Smart pool siRNA targeting myosin II-A, myosin II-B (directed at the mouse sequences (accession numbers NM_181327 and NM_175260, respectively) and of control non-targeting siRNA pool were purchased from Dharmacon (Dharmacon RNA Technologies, Lafayette, CO). Electroporation was performed using the basic neuron transfection Kit (Amaxa Biosystems, Cologne, Germany) and Amaxa programm O-05 (Amaxa Biosystems, Cologne, Germany) according to the manufacturer's protocol. Briefly, per transfection Oli-neu cells (2 × 106) were harvested, resuspended in 100 μl resuspension buffer and mixed with 160 pmol siRNA per transfection. The transfection was repeated after 72 h. For electroporation of primary oligodendrocytes, 1.5 × 106 cells were collected, nucleofected with both myosin II-A and II-B or control siRNA and subsequently cultured for 3 d.
Cells were plated on coverslips and analysed for surface extension and dextran uptake after another 24 h. Knock down efficiency was controlled by western blot analysis 24 h or 48 h after the second transfection.
Endocytosis was assessed by incubating Oli-neu cells for 15 or 30 min at 37°C with rhodamin-labelled Dextran 10K (Molecular Probes) in culture medium. Cells were subsequently washed and fixed, followed by microscopic analysis. Image processing and analysis was performed using Meta Imaging Series 6.1 software (Universal Imaging Corporation, West Chester, PA). For the quantification of fluorescence intensities of internalized dextran a fixed threshold was applied for all images. Immunofluorescence was performed as described previously . For surface labelling with Alexa Fluor 488 conjugated wheat germ agglutinin (WGA; Probes, Invitrogen, Carlsbad, CA) fixed cells were incubated with WGA for 10 min at RT, washed and mounted for microscopic analysis.

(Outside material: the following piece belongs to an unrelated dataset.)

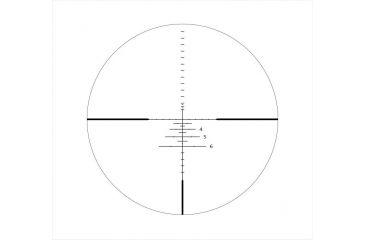 Image of Zeiss RZ Varmint Reticle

Fluorescence images were acquired using a Leica (Nussloch, Germany) DMRXA microscope and a confocal laser scanning microscope (TCS SP equipped with AOBS, Leica) with 40× and 63× oil plan-apochromat objective (Leica), respecively. Image processing and analysis was performed using Meta Imaging Series 6.1 software (Universal Imaging Corporation). Quantification of fluorescence intensities was performed as described previously . The cell surface area of individual cells was approximated by measuring the projected area, the area covered by the cell projected onto a single optical plane. The cells analyzed were from at least 2 independent experiments. Statistical differences were determined with Student's t test.
An atomic force microscope (AFM; NanoWizard, JPK Instruments), mounted on a Zeiss Axiovert 200 M (Carl Zeiss) was used to perform elasticity measurement. 5 micron diameter silica beads (Kisker) were attached to tip-less cantilevers (MLCT, Veeco) using epoxy glue (Araldit). Cantilever spring constants were determined using the equipartition theorem. Polyacrylamide gels were probed with a maximum indentation force of 1 nN at no less than 5 locations. Each indentation curve was fitted (Igor Pro, Wavemetrics) according to the Hertz model  to obtain the elasticity at each point.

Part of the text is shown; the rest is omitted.